生涯未婚率
日本において、少子化が問題となってだいぶ経ちますが、出産率が低下する要因として、生涯未婚率の低下もあげられます。それでは、実際に生涯未婚率はどのような推移となっているのでしょうか。
1.生涯未婚率の推移
生涯未婚率とは、50歳の時点で一度も結婚したことがない人の割合を指します。読売新聞社の調査によると、1980年頃の生涯未婚率は、男性が2.6%、女性が4.5%と、ほぼすべての人が結婚を経験していました。しかし、結婚離れが加速した現在では、男性の25.7%、女性の16.4%が生涯未婚となっています。実に、男性の1/4、女性の1/6が生涯未婚という状況になっています。
2.生涯未婚率が上昇した原因
マスコミの報道をみると、経済的な理由により結婚できない若者が増加したことによって、生涯未婚率が上昇したとされています。しかし、本当にそうでしょうか。
1993年の調査では、
「人は結婚するのが当たり前だ」と考えている人は44.6%、「必ずしも結婚する必要はない」と考えている人は50.5%でしたが、
2018年に調査した際には、「人は結婚するのが当たり前だ」と考えている人が26.9%まで低下し、「必ずしも結婚する必要はない」と考えている人は67.5%まで上昇しています。
また、男女ともに、10代~40代までにかけて、「必ずしも結婚する必要はない」と考えている人が70%を超えており、結婚に対する価値観が大きく変わってきたことも原因といえそうです。
また、生涯未婚率の高い地域で見てみると、男性の場合は、北関東、東北、北海道といった東日本で生涯未婚率が高く、女性では西日本や大都市圏で生涯未婚率が高くなっています。
男性の場合、都会ではない地域での出会いの少なさが生涯未婚率の高さにつながっている可能性が高く、女性は社会進出しやすい地域で生涯未婚率が高くなっているような傾向となっています。
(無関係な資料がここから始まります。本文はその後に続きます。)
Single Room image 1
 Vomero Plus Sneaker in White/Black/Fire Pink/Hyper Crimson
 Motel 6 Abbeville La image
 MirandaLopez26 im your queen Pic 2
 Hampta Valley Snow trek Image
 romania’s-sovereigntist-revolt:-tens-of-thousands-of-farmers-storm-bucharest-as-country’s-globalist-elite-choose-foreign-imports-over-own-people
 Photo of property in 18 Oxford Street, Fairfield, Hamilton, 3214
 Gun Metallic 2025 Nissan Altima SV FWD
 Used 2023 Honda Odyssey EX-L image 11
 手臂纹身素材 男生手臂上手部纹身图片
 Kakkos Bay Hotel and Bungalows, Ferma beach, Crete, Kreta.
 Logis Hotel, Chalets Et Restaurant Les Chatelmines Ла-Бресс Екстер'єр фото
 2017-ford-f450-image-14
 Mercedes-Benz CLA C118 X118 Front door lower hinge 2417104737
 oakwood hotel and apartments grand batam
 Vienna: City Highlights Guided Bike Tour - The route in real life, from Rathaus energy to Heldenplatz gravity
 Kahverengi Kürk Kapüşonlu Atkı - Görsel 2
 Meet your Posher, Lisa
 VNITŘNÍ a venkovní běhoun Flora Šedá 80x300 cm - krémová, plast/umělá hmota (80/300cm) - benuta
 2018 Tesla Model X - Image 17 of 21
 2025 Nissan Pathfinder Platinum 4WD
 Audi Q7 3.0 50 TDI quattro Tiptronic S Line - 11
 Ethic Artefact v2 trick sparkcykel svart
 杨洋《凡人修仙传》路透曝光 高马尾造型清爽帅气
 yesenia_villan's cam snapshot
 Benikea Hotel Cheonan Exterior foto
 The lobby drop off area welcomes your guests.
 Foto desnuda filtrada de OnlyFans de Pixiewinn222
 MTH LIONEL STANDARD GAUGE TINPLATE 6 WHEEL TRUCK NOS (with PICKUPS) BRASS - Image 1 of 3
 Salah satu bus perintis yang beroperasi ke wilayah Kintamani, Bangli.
これは、結婚しなくても自立して生活することが可能であることから、このような結果につながったのではないかと予想できます。
このままのペースで生涯未婚率が上昇した場合、生涯未婚率は2040年において29.5%と、人口の1/3まで増加することが予想されています。生涯未婚率が増加すればするほど、少子化につながることになります。多様化する社会において、結婚が重要ではないという価値観に変化していますが、それでも、このまま生涯未婚率が上がらなければ、日本経済にとって大きなダメージとなることになりますので、なんらかの対策が必要と思います。